We have a 1.5" water main line coming into our house (inside the house piping is 3/4" or less). We are on a small private water district and the administrator of the well district wants to put in a 3/4 inch meter by cutting into the 1.5" main line. Is that going to affect the pressure and the water flow into the house? What are the negative implications of doing this? The total distance from the pump house to the house is over 1500 ft long.

Thanks all for the great feedback. Very helpful. Appreciate it. Confirms my stance that the meter should be of equivalent size.

They were originally talking about putting the meter at the entrance to our property which is about 500 yards away. We discovered there are lot of utilities including gas lines in that area. Now they are proposing to install the meter where the pump and water tank is located (over 1500' away). It is community well with about 15 or so houses connected to the well. Ours is the longest from the pump house.

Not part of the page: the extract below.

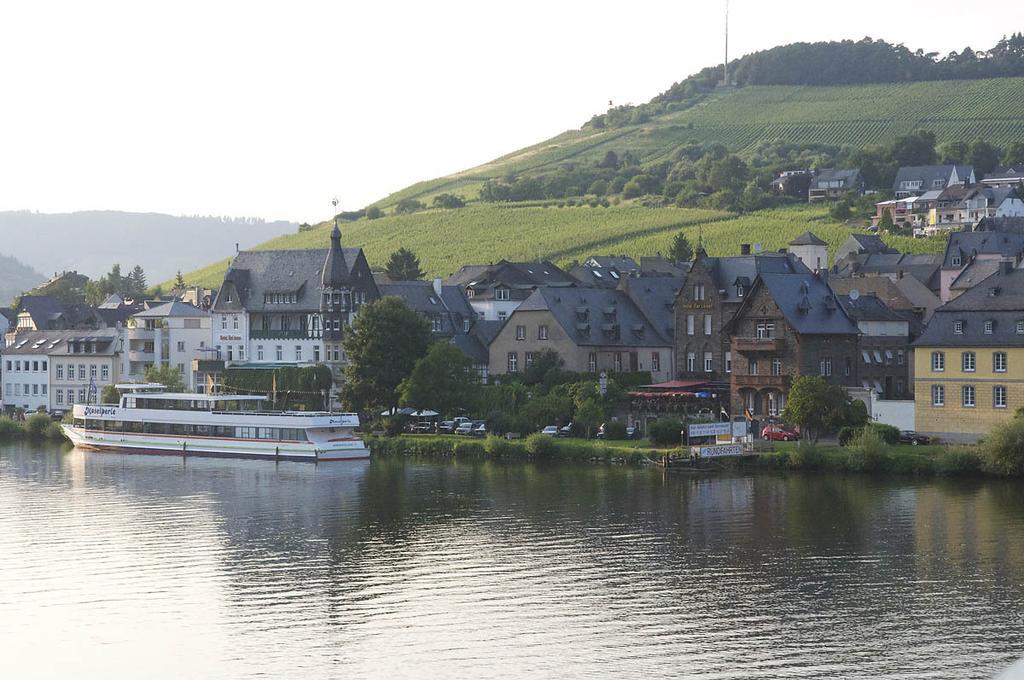 Hotel Vier Loewen Traben-Trarbach Luaran gambar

  • You say the distance from the pump house to your house is 1500 ft. Will the meter be next to the house?
    – Edwin
    Apr 24, 2015 at 19:09
  • No. They want to put the meter on the other side of water line (near the pump house).
    – user35952
    Apr 24, 2015 at 22:17
  • One negative aspect of having a larger meter is it will likely result in a higher service charge. In my city, the service charge increase for a 1-1/2" meter over a 3/4" meter is about $85 a month.
    – Edwin
    Apr 24, 2015 at 23:48
  • I think as long as you don't run 3/4" pipe over the 1500ft, you shouldn't notice a difference.
    – Edwin
    Apr 24, 2015 at 23:49
  • I think some type of calculation might be possible if someone knows how to apply this "pressure loss" equation.
    – crokusek
    Apr 3, 2020 at 22:26

2 Answers 2


Putting any obstruction or turn in a water line will affect the flow and hence the water pressure. Not only will narrowing the line cut the pressure, but all the meter-related crap inside the device will cause massive turbulence and other flow-restricting effects.

As far as legal issues are concerned, read whatever agreement you may have signed with the district.

Note that state laws always trump any bullshit local regulations, so read state law carefully. In my experience, local administrators often do things that are ridiculously illegal under state law. Often you can coerce such pint-sized local despots by finding some violation of state law they are making and threatening to complain about to the AG or to sue them outright for it.

Water is always very political. In many cases your best course of action is to gather a large group of people (like all your neighbors) and storm city hall. This will often frighten the local gauleiters into stop doing whatever it is they are doing.


A 3/4" meter isn't going to make that big of a pressure drop, especially if the line is 1500 ft. long (which is probably why it's 1.5", which is otherwise a pretty big line for a house). The piping is most likely 1.5" just to prevent pressure loss over the long run, and then it steps down to 3/4" anyway when it goes in to the house.

Having said that, it will have some effect, so no reason to do it if not necessary. Could they put the meter on the 3/4" section of pipe? How are they metering the water now?